User Guide¶
Choosing the stats implementation to use for Finagle¶
Finagle uses util-stats heavily throughout and it is important for a well-run service to have this wired up properly. Finagle uses LoadService in order to discover implementations on the classpath. The standard implementation comes via finagle-stats.
If multiple implementations are found, metrics are reported to all of the implementations via a BroadcastStatsReceiver. This feature is useful when transitioning from one library implementation to another. Once you are done migrating, in the interests of efficiency and memory pressure, it is wise to validate that only a single implementation is loaded via your dependencies.

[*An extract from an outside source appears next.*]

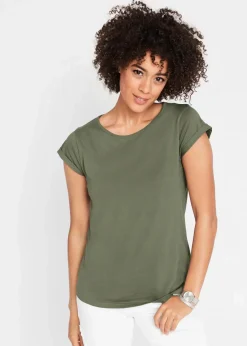 bonprix Shirts & Tops|Basics^T-Shirt aus reiner Baumwolle oliv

This also implies that developers of libraries should not depend on a specific implementation and only depend on util-stats.
If no implementations are found, metrics are reported to a NullStatsReceiver which is essentially
/dev/null
.
Measuring the latency of operations¶
A common need for clients is to capture the latency distribution, often of asynchronous calls such as those returning Futures. This can be done easily via the Stat.time and Stat.timeFuture methods.
Prefer storing counters and stats in member variables¶
While it may be tempting to create your metrics inline, whenever possible you should initialize
these up front, typically in a class constructor. This is because while capturing usage via
Stat.add
and Counter.incr
is optimized for performance, the construction of a Stat
and
Counter
is not.
class CountingExample(statsReceiver: StatsReceiver) {
// create the Counter once and store it in a member
private val numSheep = statsReceiver.counter("sheep")
// incr() called on the member variable many times
// in the application's lifecycle.
def bedtime(n: Int): Unit = {
numSheep.incr(n)
// nifty business logic here
}
}
Note that sometimes this is not possible due to business logic, for example, when a counter is named based on current context. However, care should be taken to ensure that the cardinality of metrics created is bounded or you will run the risk of a memory leak (for example by including application ids in your metric names).
Store gauges in member variables¶
While your application code is not likely to refer to the value returned from
StatsReceiver.addGauge
, you should store it in a member variable. This is due to the common
implementation of Gauge
being CumulativeGauge
, which uses java.lang.ref.WeakReference.
If a CumulativeGauge
is not held by a strong reference, the gauge is eligible for garbage
collection, which would cause your metric to disappear unexpectedly at runtime.
// bad, don't do this:
class BadExample(queue: BlockingQueue[Work], statsReceiver: StatsReceiver) {
statsReceiver.addGauge("num_waiting") { queue.size }
// code that may do incredible things but you'd never know
// the size of the queue.
}
// do this instead:
class GoodExample(queue: BlockingQueue[Work], statsReceiver: StatsReceiver) {
private val queueDepth =
statsReceiver.addGauge("num_waiting") { queue.size }
// code that does incredible things AND you know the
// size of the queue.
}
Prefer addGauge over provideGauge¶
StatsReceiver
offers two similar methods, addGauge
and provideGauge
, and whenever
possible addGauge
should be preferred. provideGauge
is basically a call to addGauge
along with code that holds a strong reference to the gauge in a global linked list. Recall from the
previous note that Gauges
need to held in strong references and as
such you should only rely on provideGauge
when you do not have a place to keep a strong
reference.
Prefer fully-qualified names over scoping¶
There is a convenient API method (scope
) allowing to spawn a “scoped” version of a given
StatsReceiver
. Although it enables effortless code reuse, scoping comes at the cost of extra
allocations. Inlining a fully-qualified metric name directly into the constructing method yields
the same outcome yet avoids the overhead needed to accommodate interim structures.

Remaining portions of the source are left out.